Despite this, police said to the minister that "this should not be seen as police not targeting those who take risks on the road".

Waka Kotahi has also missed targets, mainly in regards to infrastructure.

It was supposed to build 100km of median barriers per year, and 400km by 2024.

Last year it built 13km of median barriers, and in total it has only built 50km of median barriers since the Road to Zero plan began in 2020.

Waka Kotahi is also short of targets for side barriers and other safety features.

It has upgrade intersections by installing 71 new roundabouts 2020/21 as part of the Road to Zero work, but its report does not have figures on improvements to intersections completed in 2019/20 or 2021/22. The agency has said it is setting up systems to report more fully in the future.

Separately, four intersections were upgraded as part of large state highway improvements, the agency's annual report said.

It said some local roads had been upgraded, but it could not tell us how many.

'Fully committed' to road safety goal

Police assistant commissioner Bruce O'Brien said improvements had been made and there was full commitment to Road to Zero.

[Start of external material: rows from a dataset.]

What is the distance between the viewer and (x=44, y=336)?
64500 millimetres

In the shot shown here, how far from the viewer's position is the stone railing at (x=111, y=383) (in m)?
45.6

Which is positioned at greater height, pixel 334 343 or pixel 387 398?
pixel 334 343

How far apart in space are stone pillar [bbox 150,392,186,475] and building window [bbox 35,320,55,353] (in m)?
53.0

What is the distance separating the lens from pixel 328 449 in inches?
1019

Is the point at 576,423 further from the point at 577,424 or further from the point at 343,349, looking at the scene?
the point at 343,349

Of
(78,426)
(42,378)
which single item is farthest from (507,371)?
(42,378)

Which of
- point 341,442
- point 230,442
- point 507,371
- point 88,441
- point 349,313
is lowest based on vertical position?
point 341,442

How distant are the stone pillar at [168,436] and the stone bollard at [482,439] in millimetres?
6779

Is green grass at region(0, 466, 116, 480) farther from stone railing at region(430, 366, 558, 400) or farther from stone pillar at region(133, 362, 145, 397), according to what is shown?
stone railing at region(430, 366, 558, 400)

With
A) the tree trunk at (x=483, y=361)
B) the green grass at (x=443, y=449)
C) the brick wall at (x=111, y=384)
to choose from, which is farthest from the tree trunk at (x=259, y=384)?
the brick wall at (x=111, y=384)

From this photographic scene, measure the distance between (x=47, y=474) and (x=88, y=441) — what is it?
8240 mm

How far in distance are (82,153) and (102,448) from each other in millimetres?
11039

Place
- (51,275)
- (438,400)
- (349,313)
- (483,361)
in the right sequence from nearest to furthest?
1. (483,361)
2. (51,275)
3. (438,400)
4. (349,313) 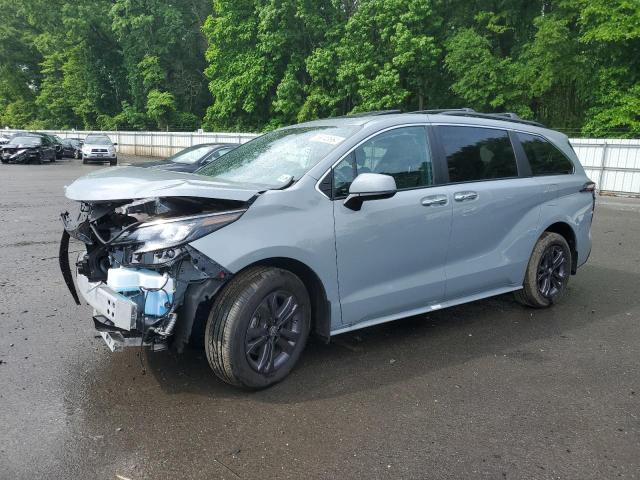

"The report ... was from 2021. We've made significant improvements in 2022 especially around our breath screening tests, which is really important to ensure out on the roads are not impaired.

"We're fully committed, as are our road safety partners," O'Brien told Morning Report.

"There's still a lot of work to do but it's too important not for everybody to get in behind it.

"As we've been saying before the big player in all of this is the driving public taking responsibility for their driving behaviour. And as a whole we will see a reduction in death and serious injury."

Bryan Sherrit, the director of Road To Zero for the Ministry of Transport, admitted the progress on road safety had been slower than what the agencies had wanted.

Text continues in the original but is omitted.